[Rd] Assigning NULL to large variables is much faster than rm() - any reason why I should still use rm()?

Sun May 26 01:38:40 CEST 2013

On May 25, 2013, at 3:48 PM, Henrik Bengtsson wrote:

> Hi,
> 
> in my packages/functions/code I tend to remove large temporary
> variables as soon as possible, e.g. large intermediate vectors used in
> iterations.  I sometimes also have the habit of doing this to make it
> explicit in the source code when a temporary object is no longer
> needed.  However, I did notice that this can add a noticeable overhead
> when the rest of the iteration step does not take that much time.
> 
> Trying to speed this up, I first noticed that rm(list="a") is much
> faster than rm(a).  While at it, I realized that for the purpose of
> keeping the memory footprint small, I can equally well reassign the
> variable the value of a small object (e.g. a <- NULL), which is
> significantly faster than using rm().
> 

Yes, as you probably noticed rm() is a quite complex function because it has to deal with different ways to specify input etc. 
When you remove that overhead (by calling .Internal(remove("a", parent.frame(), FALSE))), you get the same performance as the assignment.
If you really want to go overboard, you can define your own function:

SEXP rm(SEXP x, SEXP rho) { setVar(x, R_UnboundValue, rho); return R_NilValue; }
poof <- function(x) .Call(rm_C, substitute(x), parent.frame())

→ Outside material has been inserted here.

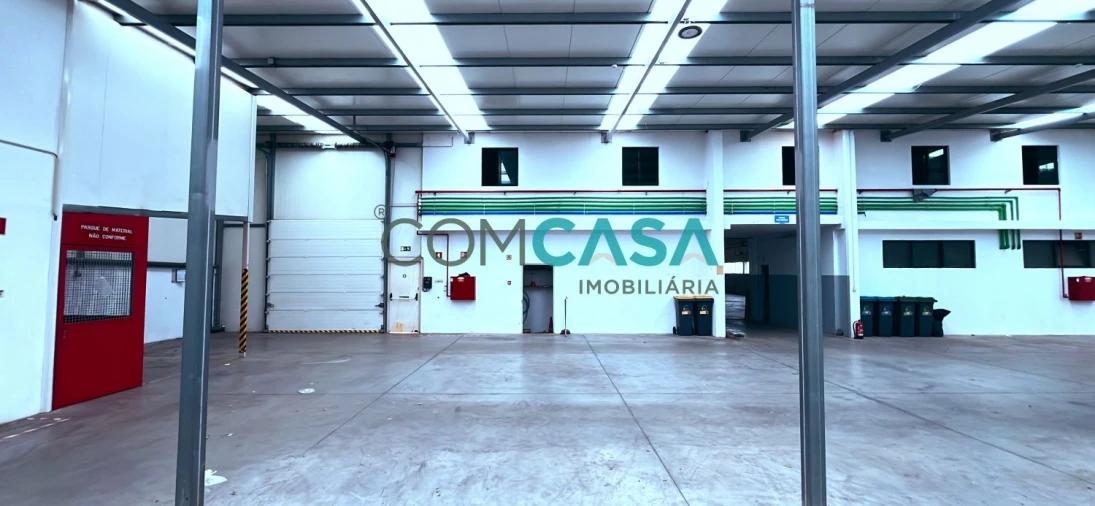 Loja para Venda em Canelas Foto 25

That will be faster than anything else (mainly because it avoids the trip through strings as it can use the symbol directly).

But as Bill noted - it practice I'd recommend using either local() or functions to control the scope - using rm() or assignments seems too error-prone to me.

Cheers,
Simon

> SOME BENCHMARKS:
> A toy example imitating an iterative algorithm with "large" temporary objects.
> 
> x <- matrix(rnorm(100e6), ncol=10e3)
> 
> t1 <- system.time(for (k in 1:ncol(x)) {
>  a <- x[,k]
>  colSum <- sum(a)
>  rm(a) # Not needed anymore
>  b <- x[k,]
>  rowSum <- sum(b)
>  rm(b) # Not needed anymore
> })
> 
> t2 <- system.time(for (k in 1:ncol(x)) {
>  a <- x[,k]
>  colSum <- sum(a)
>  rm(list="a") # Not needed anymore
>  b <- x[k,]
>  rowSum <- sum(b)
>  rm(list="b") # Not needed anymore
> })
> 
> t3 <- system.time(for (k in 1:ncol(x)) {
>  a <- x[,k]
>  colSum <- sum(a)
>  a <- NULL # Not needed anymore
>  b <- x[k,]
>  rowSum <- sum(b)
>  b <- NULL # Not needed anymore
> })
> 
>> t1
>   user  system elapsed
>   8.03    0.00    8.08
>> t1/t2
>    user   system  elapsed
> 1.322900 0.000000 1.320261
>> t1/t3
>    user   system  elapsed
> 1.715812 0.000000 1.662551
> 
> 
> Is there a reason why I shouldn't assign NULL instead of using rm()?
> As far as I understand it, the garbage collector will be equally
> efficient cleaning out the previous object when using rm(a) or a <-
> NULL.  Is there anything else I'm overlooking?  Am I adding overhead
> somewhere else?
> 
> /Henrik
> 
> 
> PS. With the above toy example one can obviously be a bit smarter by using:
> 
> t4 <- system.time({for (k in 1:ncol(x)) {
>  a <- x[,k]
>  colSum <- sum(a)
>  a <- x[k,]
>  rowSum <- sum(a)
> }
> rm(list="a")
> })
> 
> but that's not my point.
> 
> ______________________________________________
> R-devel at r-project.org mailing list
> https://stat.ethz.ch/mailman/listinfo/r-devel
> 
>